> [Given information]
====================

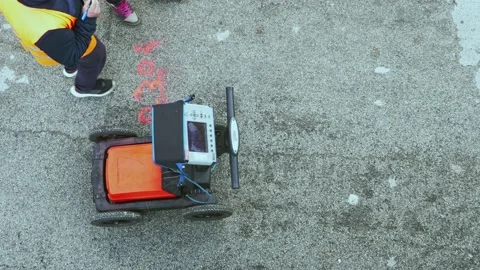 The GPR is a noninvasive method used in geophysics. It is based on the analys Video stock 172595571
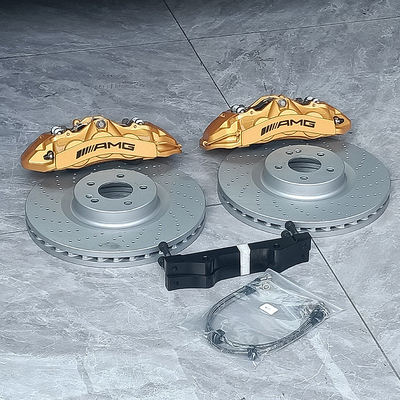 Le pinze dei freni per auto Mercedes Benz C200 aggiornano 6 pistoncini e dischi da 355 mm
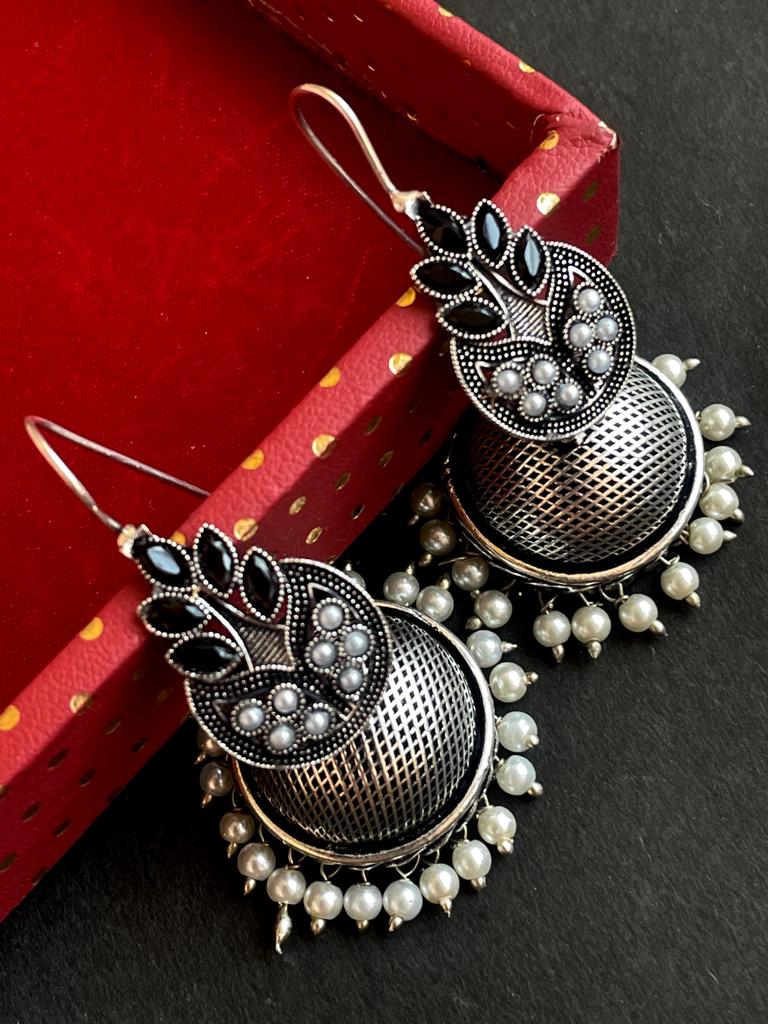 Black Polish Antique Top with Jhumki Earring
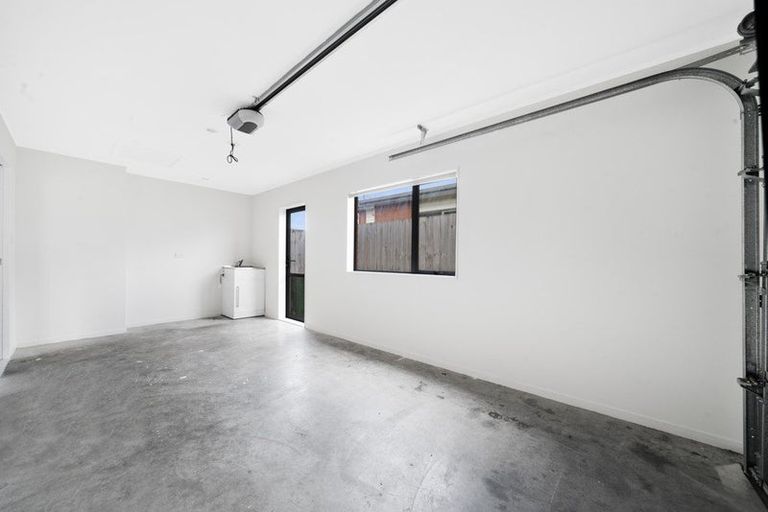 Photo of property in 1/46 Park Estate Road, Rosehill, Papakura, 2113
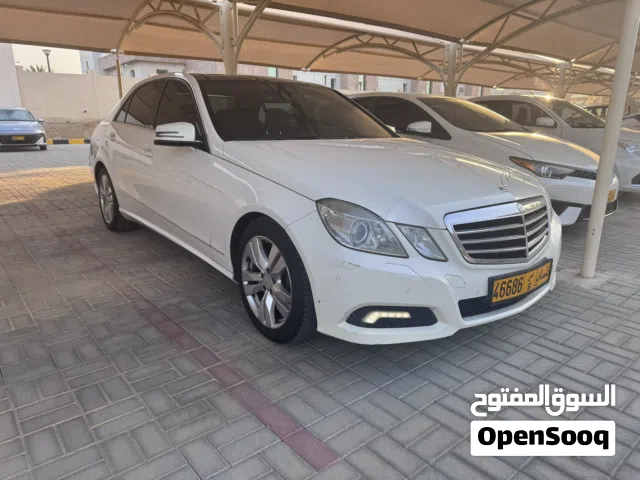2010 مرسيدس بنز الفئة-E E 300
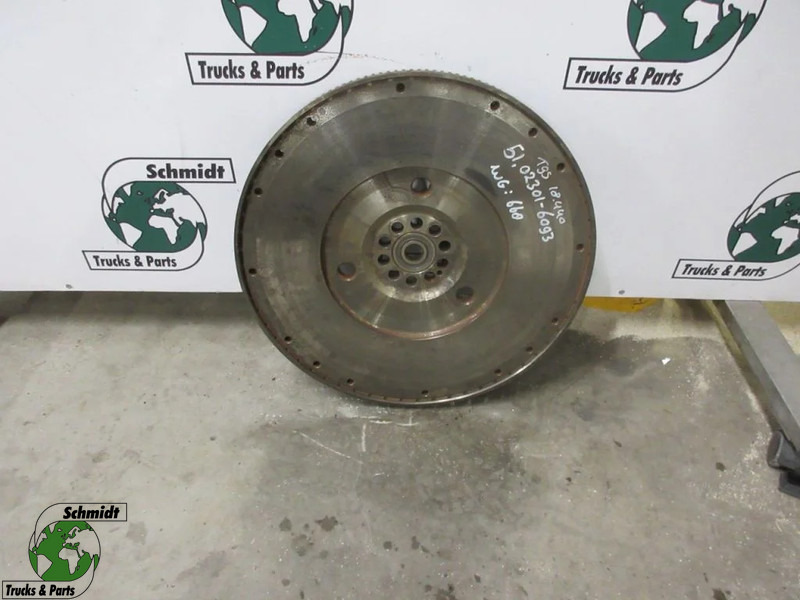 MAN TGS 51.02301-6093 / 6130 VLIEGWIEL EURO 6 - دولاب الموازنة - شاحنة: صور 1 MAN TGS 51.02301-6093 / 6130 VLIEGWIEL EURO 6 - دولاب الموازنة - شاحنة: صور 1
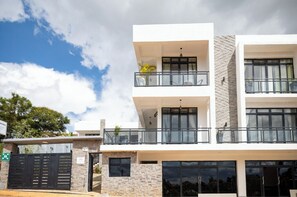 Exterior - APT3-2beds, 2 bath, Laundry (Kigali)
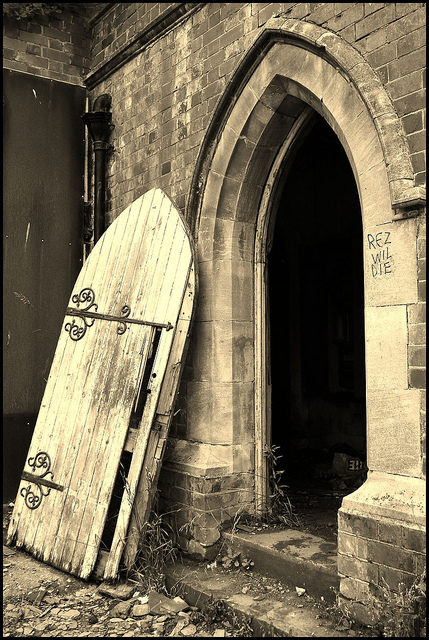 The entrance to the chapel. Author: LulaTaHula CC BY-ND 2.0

====================

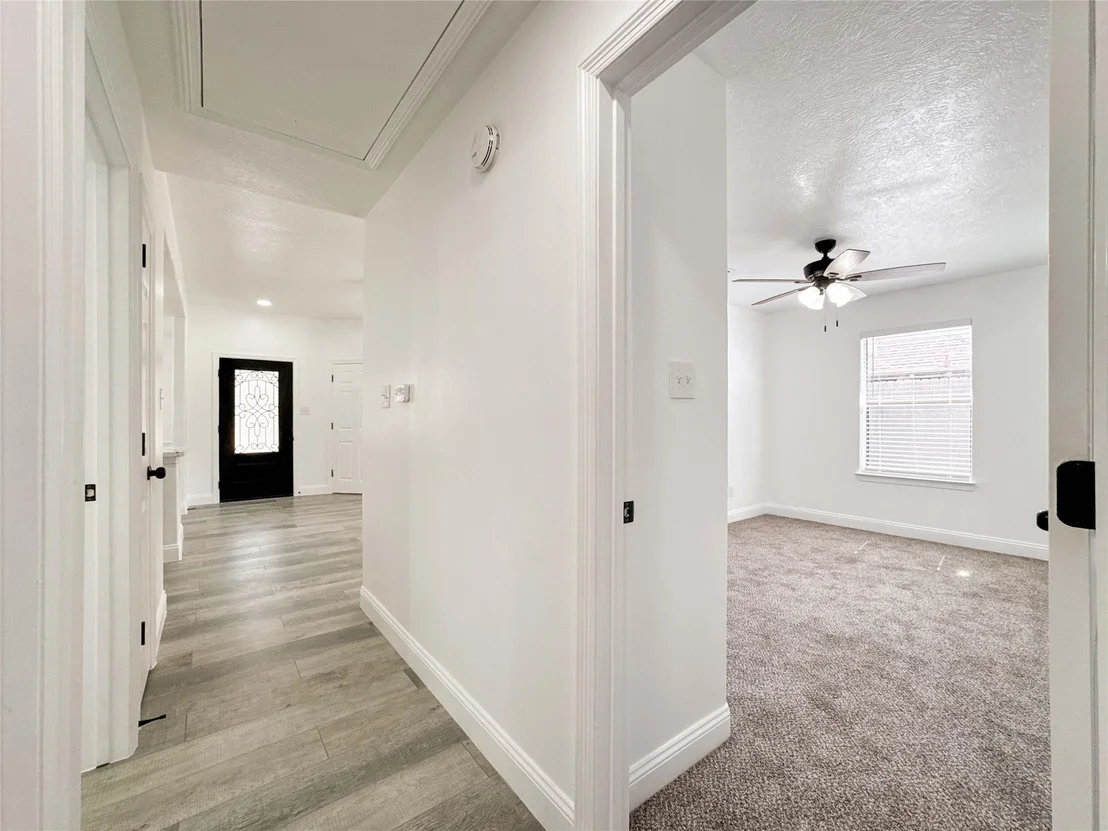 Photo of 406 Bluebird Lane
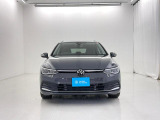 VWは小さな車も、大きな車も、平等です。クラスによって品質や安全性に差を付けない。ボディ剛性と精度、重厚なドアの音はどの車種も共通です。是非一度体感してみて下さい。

====================

Copy word for word the span of the records above that begins at the line with "2010 مرسيدس بنز الفئة-E E 300" and ends at the line with "The entrance to", including those two lines but not the pictures.

2010 مرسيدس بنز الفئة-E E 300
 MAN TGS 51.02301-6093 / 6130 VLIEGWIEL EURO 6 - دولاب الموازنة - شاحنة: صور 1 MAN TGS 51.02301-6093 / 6130 VLIEGWIEL EURO 6 - دولاب الموازنة - شاحنة: صور 1
 Exterior - APT3-2beds, 2 bath, Laundry (Kigali)
 The entrance to the chapel. Author: LulaTaHula CC BY-ND 2.0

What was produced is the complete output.